Documentary photography: People of the Yellow River
Updated 14:34, 21-Sep-2019
CGTN
05:14

The Yellow River is considered the Mother River of China and the cradle of Chinese civilization. It has been nurturing Chinese for millennia. With various landforms across its river basin, the Yellow River used to be the route of several natural disasters such as floods and droughts, leaving residents along the river in danger and poverty for long.

Since the founding of New China in 1949, the Chinese government has heavily invested in taming the Yellow River, thus bringing great changes in people's life. Zhu Xianmin knows too well these decades of development and has been recording the history of the Yellow River.

Market day is always extra busy for rural people.

Market day is always extra busy for rural people.

Zhu was born in a rural family in Pucheng Town in east China's Shandong Province. Now, he is a world-renowned documentary photographer. Growing up by the Yellow River, he has a deep affection for its land and its people. He feels obliged to record his hometown with camera.

Farmers on their way to the fields, 1981.

Farmers on their way to the fields, 1981.

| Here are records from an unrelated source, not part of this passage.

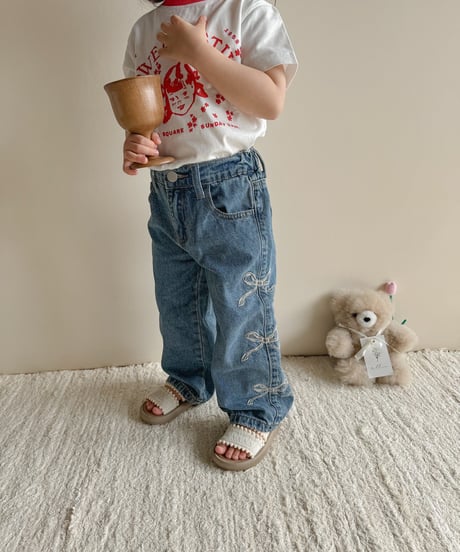 即納ribbon wide denim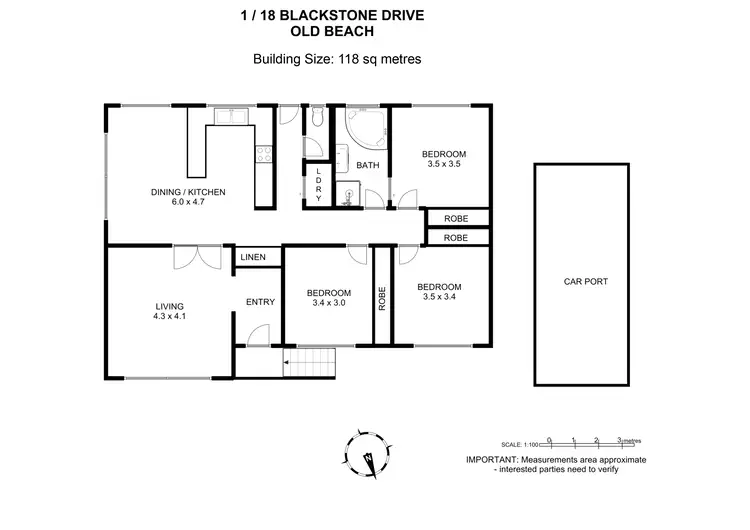 Floorplan of Homely unit listing, 1/18 Blackstone Drive, Old Beach TAS 7017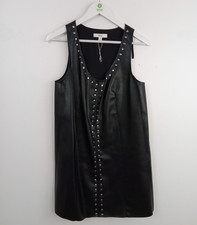 M&s Women's Dress Black Faux Leather Studded Sleeveless Mini Shift Scoop NEW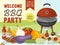 Barbeque picnic party poster meat steak roasted on round hot barbecue grill vector illustration. Bbq in park, banner
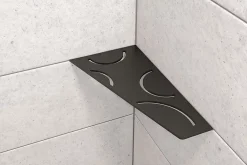 Schluter Tablette murale de douche SHELF- E- S3 - CURVE - inox brossé - 62 x 295 x 154 mm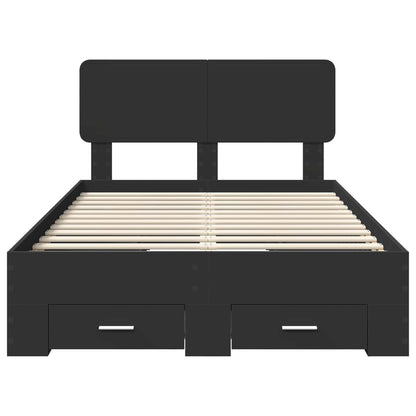 Bettrahmen mit Kopfteil Schwarz 135 x 190 cm Holzwerkstoff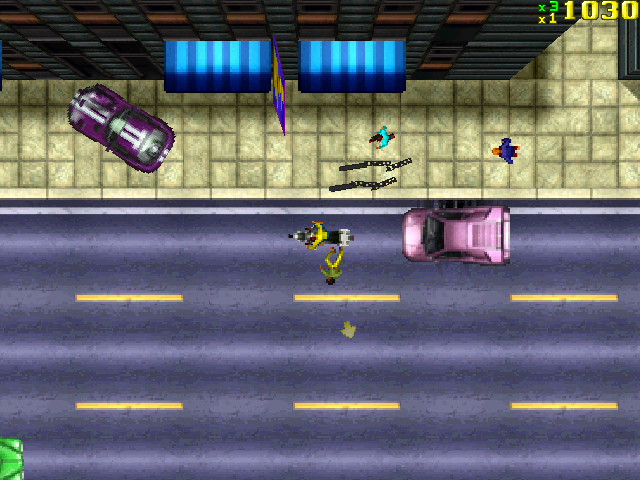 Grand Theft Auto screenshot: pixel art, low-poly, top-down, no outlines, baked lighting (environment, combat)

"A good photo has a soul. The works can reflect the photographer's mood towards his subject. We should take more pictures of the ordinary life that we are familiar with," says Zhu.

Zhu has one principle when he chooses what to capture with his lens: the truth. It was also his original intention when he started his career as a documentary photographer. The Yellow River flooded several times in his childhood, submerging villages and farmland. However, people remained strong and tenacious. Without a bridge, they once crossed the river with small wooden boats. Farmers struggled to wrest a living from the soil. The honest and diligent people have been fighting for their home for generations. 

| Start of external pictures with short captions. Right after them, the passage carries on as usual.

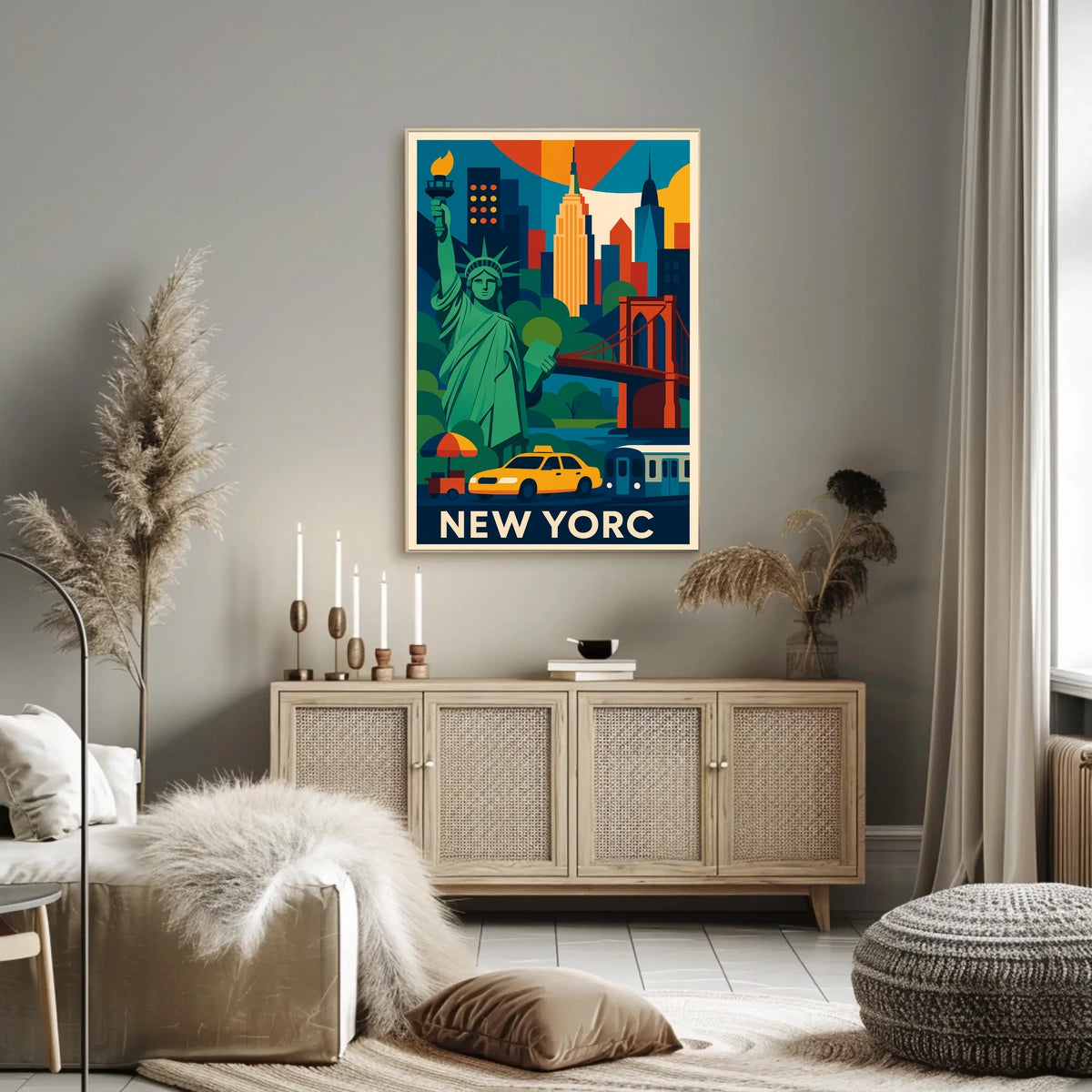 New York City Poster Vibrant Urban Artwork For Home Decor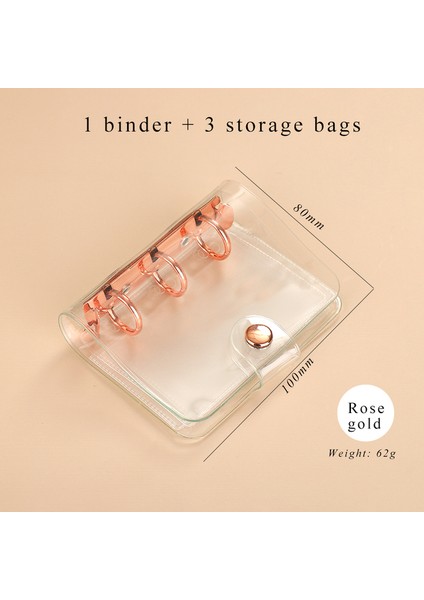 Gül Altın Kabuk Mini Sevimli Şeffaf Mini Gevşek Yaprak Defter Yaratıcı Taşınabilir Cep El Kitabı 3 Halka Bağlayıcı Kawaii Okul Malzemeleri Kırtasiye (Yurt Dışından)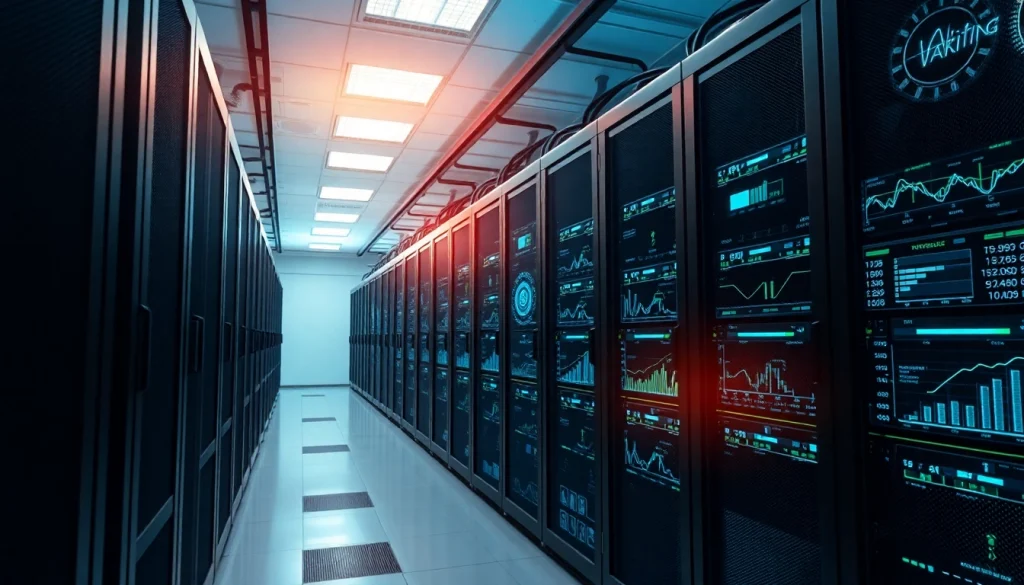 Crypto cloud mining data center with advanced AI technology, showcasing modern servers and digital performance metrics.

The Ferry in Shandong Province.

The Ferry in Shandong Province.

Inspired by these people, Zhu took many photos. While looking at his photos, the audience can feel the joy and sorrow in those unknown faces. 

"Documentary photography means recording real life in plain sight. Any detail in the photo could trigger an emotional communication. In this way, it touches people," Zhu asserts.

With the development of society, living standards have much improved. The wooden boats and white-turbaned boatmen became reminiscent stories. But those old times did not vanish, they now remain in people's memory in another way. And Zhu Xianmin treasures and shares these memories through photography.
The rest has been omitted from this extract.